It’s a shame that the first rule of Burning Man is nothing like the first rule of Fight Club.
Last issue I took a stand against the appropriation of ginger culture by the Kiwi guy who plays Archie on Riverdale. He’s not ginger. Well, I’m ready to take another stand. I went for dinner at Dark Table last week. It was excellent. Eating food in complete darkness is an incredible sensory experience. As we left the restaurant I learned that our server was blind, and then I realized that the entire dark dining experience was appropriation of blind culture. It’s basically black face but for the visually impaired. My children will probably be ashamed.
It’s difficult to write jokes about beautiful women. When it’s a handsome dude I can give myself a conspicuous case of the ‘not-gays’ and then load the comment with awkward sexual tension. But if I do something similar about a babe it comes off as pervy and weird. I don’t know. Maybe I should just make a joke about how Kim Jong-un called Donald Trump a dotard. Dotard is a funny?
If this guy were a character in a movie from the 80s he’d be an oracle of ancient wisdom who might offer you a monkey’s paw or bag of dried seahorses, and you’d better take what he gives you because it’s your only chance against Lo Pan.
Since starting Archive we’ve learned some interesting stuff about the kind of photography people like. For example, photos of women standing in front of bushes are immensely popular. Check the inside front and back covers of this issue. They’re everywhere. I don’t know why but a woman in front of a bush works like an Archive cheat code.

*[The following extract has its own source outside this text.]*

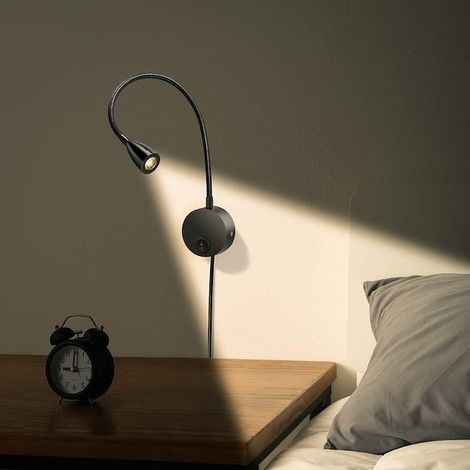 Lot de 2 lampes de lecture murales, aluminium, bras orientable, 38 cm, 200 lumens, blanc chaud 3000K, 3 W, câble 1,8 m, finition noir mat (1/3)
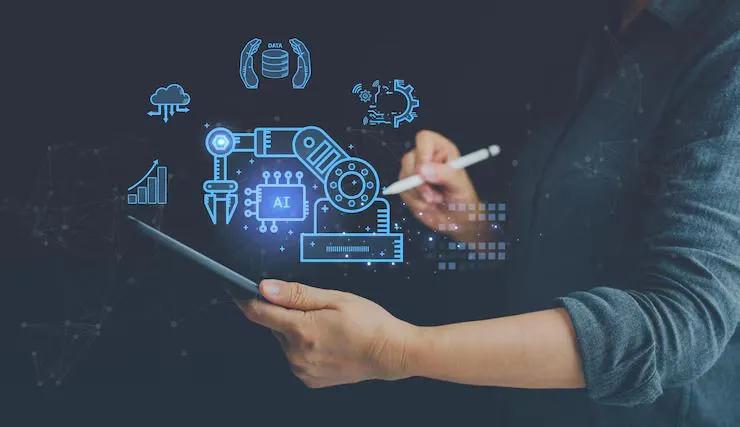 Person using a tablet with a digital display featuring AI, automation, and data icons, symbolizing Zoho automation services. CodeAutomation.ai provides AI-driven workflow automation, Zoho CRM integration, and custom app development.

Cosplay is a fun way to show affinity for the Marvel Cinematic Universe. But if you’re a real fan and you want to show real commitment to the Asgardian God of Mischief you get his name inked onto your chest for life. That tattoo says Loki, right?

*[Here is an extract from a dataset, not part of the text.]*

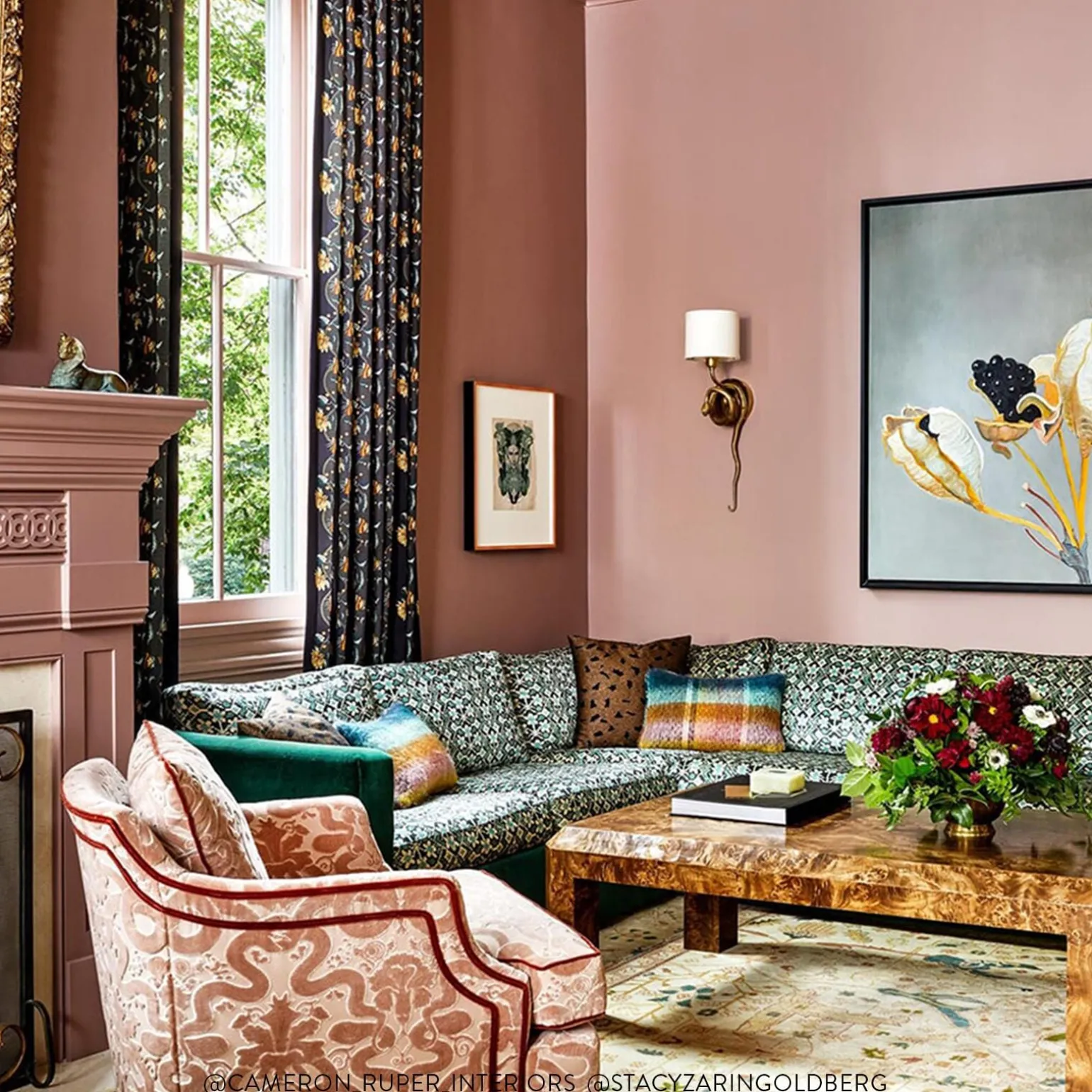 ANACONDA Cut-Velvet - Dusky Pink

It’s a good thing I’m not that handsome because I’d use his powers for evil. Imagine what that must feel like to be that good looking. Intoxicating. I’ve got a clearly established case of the ‘not-gays’ and I’d leave my wife to run away with him tomorrow. Look, I know it’s overly simplistic to judge a person based solely on their looks but he should be the Prime Minister of Canada.
There was a gathering of Juggalos in Washington, DC recently called the Million Man March, which was weird because there was a different Million Man March in 1995 organized by Louis Farrakhan and the Nation of Islam. Anyway, the Juggalos were protesting because they’ve been classified as organized crime syndicate by the FBI. A reporter on the scene interviewed a guy named Hootsnake who defended the Juggalos against the FBI’s accusation by saying they were too disorganized to be organized crime. I also learned female Juggalos are called Juggalettes.